Tubbs’ strategy includes criminal justice reform, investing more resources in communities impacted by law enforcement, protecting immigrants from federal agencies, and—perhaps most boldly—implementing a universal basic income for the city’s residents.

“This fall, we’ll be piloting the Stockton economic empowerment demonstration,” Tubbs explains. “Right now, we have $1.2 million, and we’re raising more, with the idea to demonstrate what a universal basic income will mean for up to 100 families, over either 18 months or three years [depending on the funds raised].”

The city will be hiring a project director this spring to work with the mayor’s office and the community to create and design a process to apply for the pilot program. Tubbs’ goal is to make it as targeted as possible toward people who need it, while also making it universal enough that it’s not strictly a poverty program. “I am very keenly interested in seeing what a difference that makes for the poor and the working poor, and seeing how a small infusion of capital maybe allows a mother to go back into the workforce if she can provide childcare for her children, or things of that sort,” he explains.

 

Tubbs entered office with big ideas about how to advance opportunities for people in Stockton. The city’s median household income is more than $17,000 lower per year than the rest of California, and the 7.3% unemployment rate is nearly double the national average. But shortly after taking office, the young mayor found his city’s residents facing off against U.S. Attorney General Jeff Sessions, who cited Stockton as one of four cities from which the Department of Justice would withhold resources if leaders maintained its “sanctuary city” status.

“It happened on my birthday,” Tubbs says, his voice weary. “But for me, it was kind of a reckoning. A third of the city’s population are immigrants, and another third have parents who are foreign-born. Those are our law enforcement officers, and also our community. So I wanted to make sure that we stood on the right side of history.”

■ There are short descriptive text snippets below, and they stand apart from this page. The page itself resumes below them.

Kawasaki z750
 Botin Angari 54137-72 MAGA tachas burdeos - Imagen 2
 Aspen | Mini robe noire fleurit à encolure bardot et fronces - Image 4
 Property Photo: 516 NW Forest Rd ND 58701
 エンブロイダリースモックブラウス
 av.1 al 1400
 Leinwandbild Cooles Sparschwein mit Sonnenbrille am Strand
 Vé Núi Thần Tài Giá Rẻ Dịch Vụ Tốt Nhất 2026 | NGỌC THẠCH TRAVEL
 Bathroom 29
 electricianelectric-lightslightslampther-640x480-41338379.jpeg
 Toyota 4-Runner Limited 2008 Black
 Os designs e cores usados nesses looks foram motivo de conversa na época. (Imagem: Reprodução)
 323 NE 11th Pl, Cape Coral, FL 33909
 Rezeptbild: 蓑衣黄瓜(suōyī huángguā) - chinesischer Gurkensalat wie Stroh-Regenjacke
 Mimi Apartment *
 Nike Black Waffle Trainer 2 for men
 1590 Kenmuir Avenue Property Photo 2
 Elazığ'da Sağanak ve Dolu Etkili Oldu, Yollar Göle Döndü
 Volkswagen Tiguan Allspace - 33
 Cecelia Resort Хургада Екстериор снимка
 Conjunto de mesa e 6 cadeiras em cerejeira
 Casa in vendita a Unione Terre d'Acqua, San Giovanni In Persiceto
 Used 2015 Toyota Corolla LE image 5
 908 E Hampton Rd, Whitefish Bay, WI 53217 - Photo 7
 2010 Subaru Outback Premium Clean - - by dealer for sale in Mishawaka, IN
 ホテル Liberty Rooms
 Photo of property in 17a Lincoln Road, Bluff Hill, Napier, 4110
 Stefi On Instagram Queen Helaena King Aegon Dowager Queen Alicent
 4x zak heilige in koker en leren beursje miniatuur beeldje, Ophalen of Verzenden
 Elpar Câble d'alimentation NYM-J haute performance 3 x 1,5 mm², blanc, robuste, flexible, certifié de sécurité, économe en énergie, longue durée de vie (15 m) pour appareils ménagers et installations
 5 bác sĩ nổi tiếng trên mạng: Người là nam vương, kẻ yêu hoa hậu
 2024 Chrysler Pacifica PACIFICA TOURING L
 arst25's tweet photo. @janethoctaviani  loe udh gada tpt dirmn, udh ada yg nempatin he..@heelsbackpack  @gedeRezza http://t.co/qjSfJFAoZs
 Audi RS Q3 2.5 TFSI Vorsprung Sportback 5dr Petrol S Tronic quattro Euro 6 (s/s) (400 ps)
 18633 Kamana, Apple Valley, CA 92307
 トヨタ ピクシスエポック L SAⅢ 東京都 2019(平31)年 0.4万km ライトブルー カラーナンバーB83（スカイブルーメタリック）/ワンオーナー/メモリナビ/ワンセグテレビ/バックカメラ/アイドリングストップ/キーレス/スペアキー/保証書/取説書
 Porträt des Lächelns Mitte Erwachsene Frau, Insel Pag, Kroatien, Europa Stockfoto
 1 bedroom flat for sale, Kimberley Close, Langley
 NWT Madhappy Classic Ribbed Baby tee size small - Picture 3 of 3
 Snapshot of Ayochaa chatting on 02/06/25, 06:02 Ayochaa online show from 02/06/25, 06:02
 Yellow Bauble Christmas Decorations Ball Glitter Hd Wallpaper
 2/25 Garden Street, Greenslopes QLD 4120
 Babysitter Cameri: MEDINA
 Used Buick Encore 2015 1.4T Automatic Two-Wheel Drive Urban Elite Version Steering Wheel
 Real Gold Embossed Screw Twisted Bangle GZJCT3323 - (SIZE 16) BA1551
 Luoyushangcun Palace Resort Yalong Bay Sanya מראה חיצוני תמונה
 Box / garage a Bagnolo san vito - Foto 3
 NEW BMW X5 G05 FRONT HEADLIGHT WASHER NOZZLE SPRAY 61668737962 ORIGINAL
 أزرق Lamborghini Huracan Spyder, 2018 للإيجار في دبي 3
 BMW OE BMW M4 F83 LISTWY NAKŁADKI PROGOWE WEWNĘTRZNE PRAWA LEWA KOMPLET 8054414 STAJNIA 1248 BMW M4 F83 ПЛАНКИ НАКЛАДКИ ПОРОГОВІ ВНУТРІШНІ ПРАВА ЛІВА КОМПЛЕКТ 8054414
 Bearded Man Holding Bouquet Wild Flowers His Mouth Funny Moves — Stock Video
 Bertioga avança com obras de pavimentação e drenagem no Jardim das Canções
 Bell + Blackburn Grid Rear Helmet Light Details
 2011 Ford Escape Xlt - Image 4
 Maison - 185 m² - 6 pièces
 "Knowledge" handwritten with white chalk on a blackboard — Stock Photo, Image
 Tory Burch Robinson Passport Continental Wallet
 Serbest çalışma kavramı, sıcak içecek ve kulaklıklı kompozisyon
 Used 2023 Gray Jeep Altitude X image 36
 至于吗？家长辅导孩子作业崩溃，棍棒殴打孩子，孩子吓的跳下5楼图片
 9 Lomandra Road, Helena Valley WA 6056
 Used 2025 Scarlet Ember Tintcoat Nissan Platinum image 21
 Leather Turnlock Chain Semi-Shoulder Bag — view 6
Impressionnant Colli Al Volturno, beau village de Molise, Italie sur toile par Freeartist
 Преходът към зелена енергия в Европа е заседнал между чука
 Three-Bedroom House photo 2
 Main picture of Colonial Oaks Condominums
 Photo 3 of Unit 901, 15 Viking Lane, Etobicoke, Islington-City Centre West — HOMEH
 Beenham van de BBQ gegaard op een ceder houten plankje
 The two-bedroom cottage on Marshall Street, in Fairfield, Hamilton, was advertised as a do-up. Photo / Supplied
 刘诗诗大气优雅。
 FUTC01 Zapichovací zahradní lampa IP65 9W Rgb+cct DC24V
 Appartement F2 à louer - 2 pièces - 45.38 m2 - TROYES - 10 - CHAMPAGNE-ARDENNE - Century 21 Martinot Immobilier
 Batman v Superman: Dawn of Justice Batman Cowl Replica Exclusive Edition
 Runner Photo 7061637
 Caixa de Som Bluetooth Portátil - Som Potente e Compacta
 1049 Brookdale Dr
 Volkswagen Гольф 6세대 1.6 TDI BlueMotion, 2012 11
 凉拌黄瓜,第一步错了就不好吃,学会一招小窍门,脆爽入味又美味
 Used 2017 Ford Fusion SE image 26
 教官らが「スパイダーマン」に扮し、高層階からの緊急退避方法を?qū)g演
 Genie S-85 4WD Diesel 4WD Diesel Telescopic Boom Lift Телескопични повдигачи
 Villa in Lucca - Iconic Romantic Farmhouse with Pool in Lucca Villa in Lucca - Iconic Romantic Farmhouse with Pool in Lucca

But even as Tubbs worked to reassure his residents, he was also baffled. “We don’t control the county jail,” he said, meaning that the policy around immigration detention wasn’t up to him anyway.

Nonetheless, Tubbs found himself presented with an opportunity. “We spent the first two months meeting with activists and organizers. We passed resolutions. We personally met with the ICE director for the area twice, just to reiterate our position,” he explains. “We spent a lot of time letting people know we’re proud to have immigrants in our community.”

Finding opportunities to step up has been a part of Mayor Tubbs’ career, something that puts him in good company with other young leaders in cities across America, such as Pete Buttigieg of South Bend, Indiana; Chokwe Antar Lumumba of Jackson, Mississippi; and Randall Woodfin of Birmingham, Alabama; all of whom are under the age of 40. Tubbs recognizes his place in a wave happening across the country. “You’re a part of it, but we don’t have secret meetings every month,” he laughs. “It’s more knowing that you’re not alone.”

Michael Tubbs will be part of the “Amplifying Youth Voices to Redesign Opportunity” session at SXSW 2018.